Description of the task: The reply should hold only the lines from the one with "Alexander McQueen White" to the one with "Tête de clavier", both ends kept, exactly as they appear below, without any pictures.

Dataset:
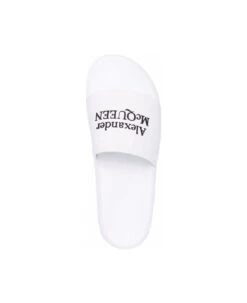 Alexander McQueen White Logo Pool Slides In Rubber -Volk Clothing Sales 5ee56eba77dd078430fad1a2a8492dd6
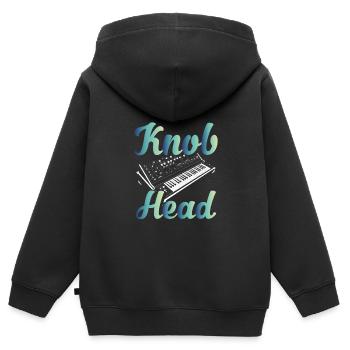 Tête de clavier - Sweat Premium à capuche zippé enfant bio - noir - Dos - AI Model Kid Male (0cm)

---

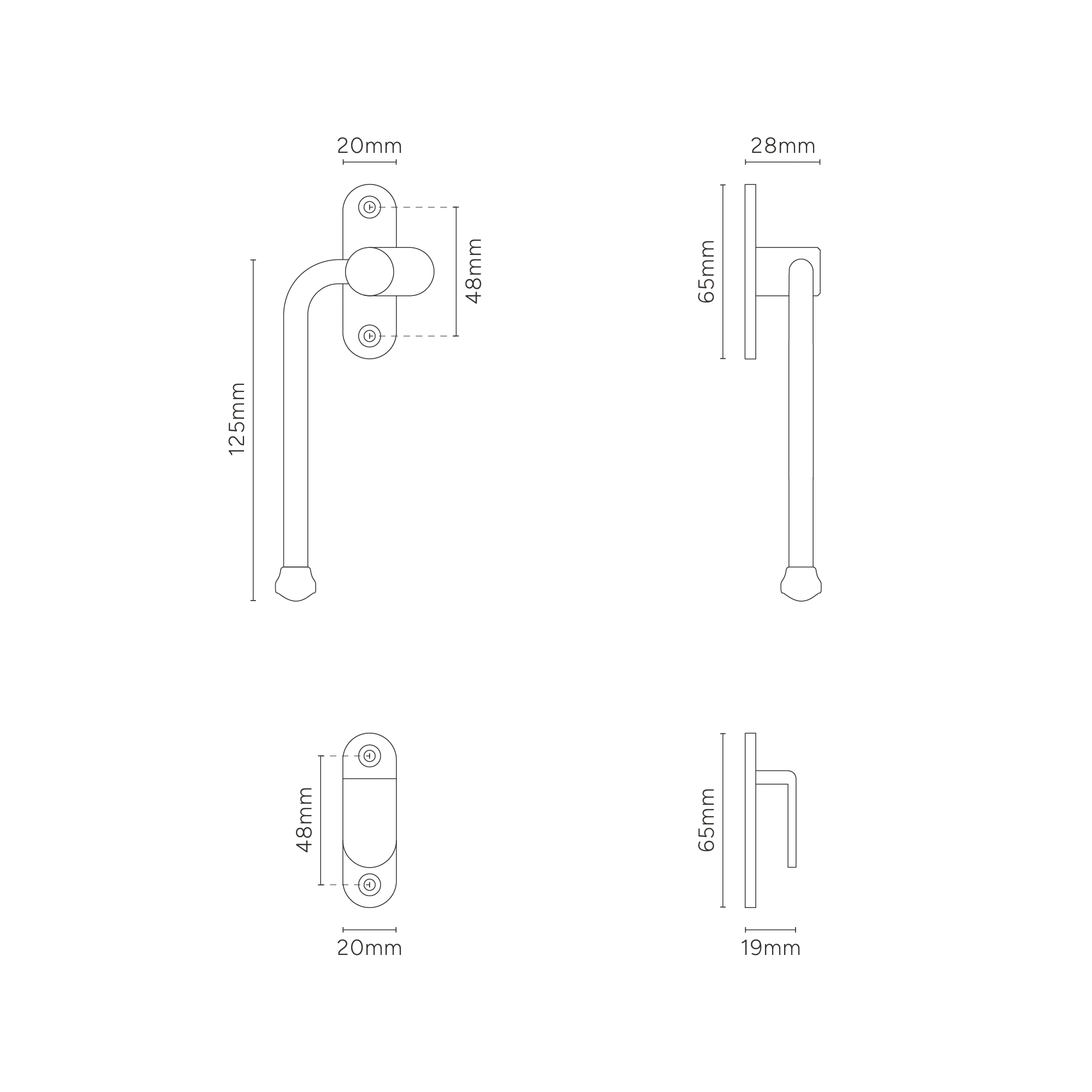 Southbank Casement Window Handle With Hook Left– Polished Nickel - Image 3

Solution below:
 Alexander McQueen White Logo Pool Slides In Rubber -Volk Clothing Sales 5ee56eba77dd078430fad1a2a8492dd6
 Tête de clavier - Sweat Premium à capuche zippé enfant bio - noir - Dos - AI Model Kid Male (0cm)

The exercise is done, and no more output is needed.